Violence in Bangladesh is not new. In fact, violence is one of the many reasons Bangladesh get some media attention around the world. Recently, a 13 year old boy, Rajon, was beaten to death by a group of men in Bangladesh who accused him of trying to steal a bicycle. The incident was video recorded and posted on Facebook. In Bangladesh and other countries, this savagely cruel act made people very angry, heartbroken, and upset. The accused were arrested – one from Saudi Arabia after he fled there. Many people in Bangladesh called for death penalty for the accused.
Violence in Bangladesh against children is not new too. In fact, Bangladesh is one of the top ranking countries in violence against children in peaceful time. What was new in this incident that the torture was posted online. The people of Bangladesh are rightly outraged at this act of brutal torture and in demanding justice. But here are some questions to consider – who really killed Rajon? why are people angry? angry against whom? Seems like everyone knows the answer (after all, it was posted online! the accused kind of confessed the crime!).
Therefore, the real questions are, if beating of Rajon was not posted online, if it did not go viral, more importantly, if Rajon was not dead, how significant is the event in Bangladeshi context? Was Rajon protected when he was not beaten?
Most of the Bangladeshis understand violence in terms of physical, visual and exposed shape. If the violence is structural violence, psychological and private violence, then that kind of cruelty is almost incomprehensible in Bangladesh. Violence is so much so cleverly hidden, silently active, subtly present, carefully nurtured, culturally blended into the social fabric of Bangladesh that it feels like a second nature.
So who killed Rajon? Perhaps, he was killed by the society as a whole with the initiative taken by the killers!
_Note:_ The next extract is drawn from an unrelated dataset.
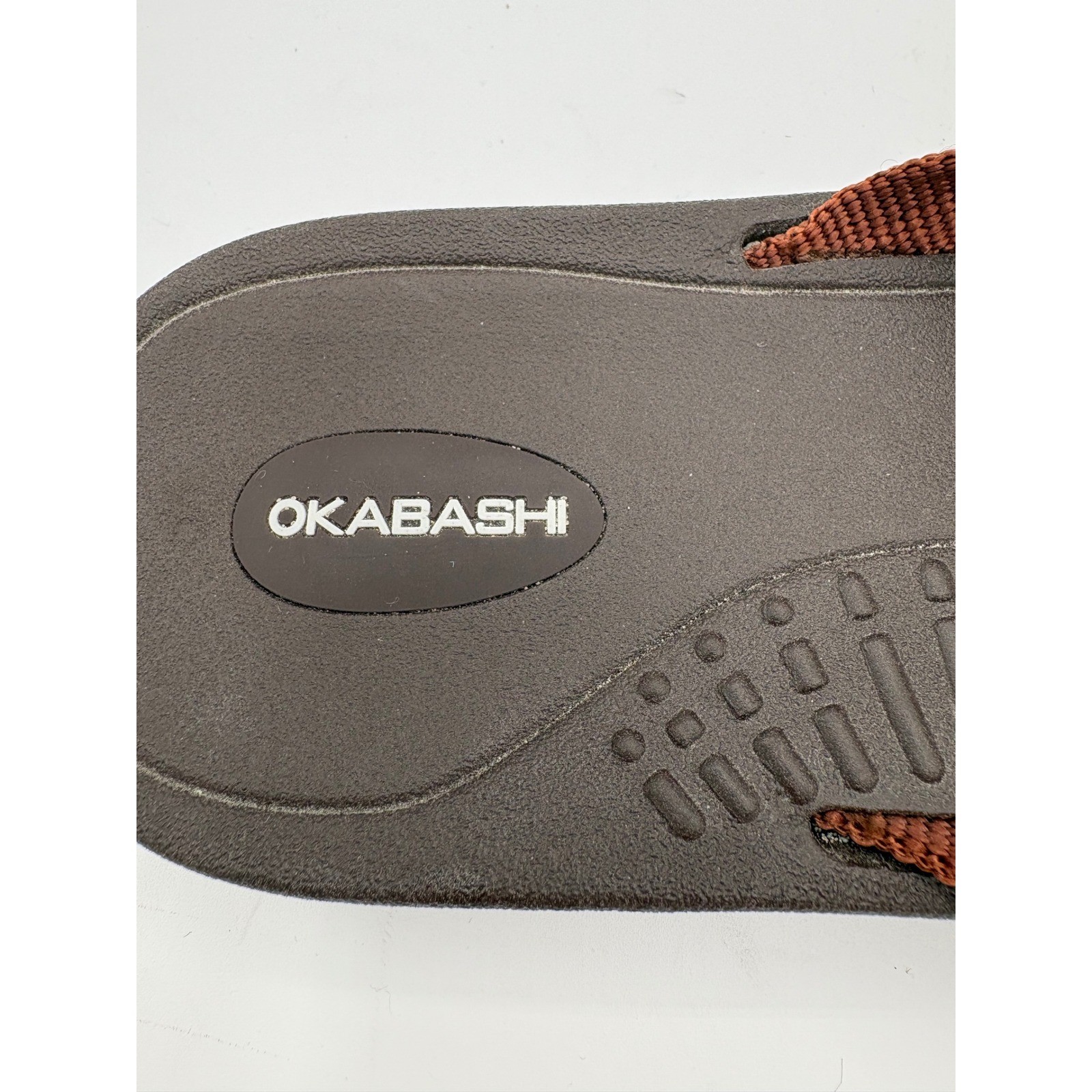 Okabashi Womens Brown Giraffe Animal Print Flip Flop Sandals Size L 9-10 USA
Rajon was beaten to death by his killers because they thought they knew better than the authority (the police, the political leader, the judge etc.). They caught Rajon, they accused him, tied him, interrogated him, beat him, broke him, and at last killed him. Did they do anything wrong? If it was wrong, then this kind of attitude must be a norm somewhere in Bangladesh. They took an initiative to correct an issue that they (in their sick mind) thought was need to be taken care of. In Bangladesh, these kind of behaviors are expressed in many ways. Here are few examples from this year:
- Political parties in Bangladesh killed innocent people by throwing petrol bombs,
- People died in police protection,
- Bloggers were slaughtered in broad daylight,
- Women were molested at Bangla New Year day at Dhaka University area, etc.
These incidents are all wrong but also kind of norm in Bangladesh. In every case, from the police to political parties, to interest groups, to private citizens, all took law and order into their hands. So what did Rajon’s killers did different? Rajon’s killers even made an agreement with the local police to set them free – again, wrong but a norm in Bangladesh.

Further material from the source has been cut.